Required functionality

What does the new website need to do, functionally? It's fine to think of this as a wishlist - a rundown of features and functionality you've identified for the new site. At this early stage we don't need full specification of each functional requirement (any agency would want to be part of helping to define that as the project develops).

However, it really helps if the list of functional requirements is prioritised. If you can, give some basic guidance on what it needs to do but most important is to prioritise them. It gives us a good indicator of which pieces can get the most technical and creative investment.

Timings

Often you won't have a detailed schedule for the project and that's fine - it’s a key part of the initial project effort, to establish a meaningful and realistic schedule or timeline that we will all deliver to. That said there are often important dates (not even necessarily related to the web project) that the project needs to work to - e.g. launch of new brand, new season programme, new CEO, new ticketing or CRM system going live.

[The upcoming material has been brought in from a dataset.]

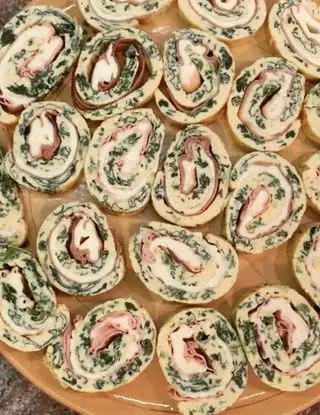 Ricetta Rotolo di frittata agli spinaci farcito con mortadella, speck e sottilette - Antipasto sfizioso! di ognipiattounemozione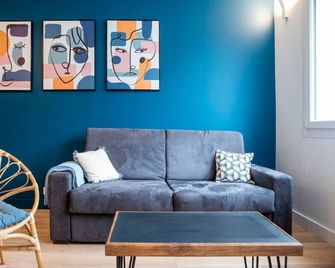 Beautiful apartment between Université and Vaugueux - Caen - Living room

So, do you have important dates and/ or deadlines which the web project needs to incorporate into the overall website schedule? Are these definitive or provisional? Think about content as well and specifically content production - the most common cause of delays in most projects comes from underestimating the time it takes to produce content - i.e. the whole process involved in curating all the copy, images, videos, attachments, page and section titles, calls-2-action and common keywords of your web project.

Timetable for response

When do you need to hear from us by, in order to get things moving in time to hit your deadline?

We need a reasonable amount of time to respond (including time to ask questions as well as put together our proposal). Two weeks is a minimum, unless you're really up against it and don't mind receiving a limited response.

Budget indication

Knowing a budget range - and a range is fine, you don't need to be absolutely specific - is important. Not only is it a shorthand in establishing compatibility (and so save you and whoever you are talking to a lot of time) but it means you will get better, more accurate and more comparable quotes as a result.

Sometimes you might not know the budget - for example if you're putting together a business case internally and/ or for an external funding bid. That's obviously legitimate but in both scenarios it's speculative, not assured, that the project is going to happen. So be up front and reasonable on what you expect back as part of any proposal.

The future

It's good to future-gaze and ask questions such as what does the future hold and what do you want it to look like? For example do you have known future projects or plans that will potentially impact on the web project (e.g. switching ticketing provider; expanding into a new market; a rebranding project) further down the line?

We might not be able to develop solutions to those future needs right now (not least because they're not fully formed yet) but having a heads up on it means we can make more informed choices and potentially lay some of the ground for these pieces.

What kind of response are you looking for?

Finish your website design brief with a short conclusion, outlining what kind of response are you'd like back. Be clear and direct about what you want agencies to tell you. We're happy to provide detailed information from relevant portfolio projects (including references and recommendations) as well as ideas and good thinking around difficult challenges we see in your brief.

We’ll suggest realistic timescales and what we would need in order to get up and running on the project and we're happy to outline our process and to provide a breakdown of the budget so you can clearly see where we'd be investing our time on your project. We can also provide info about our team and arrange a demo of Drupal in action, usually from a project similar to yours.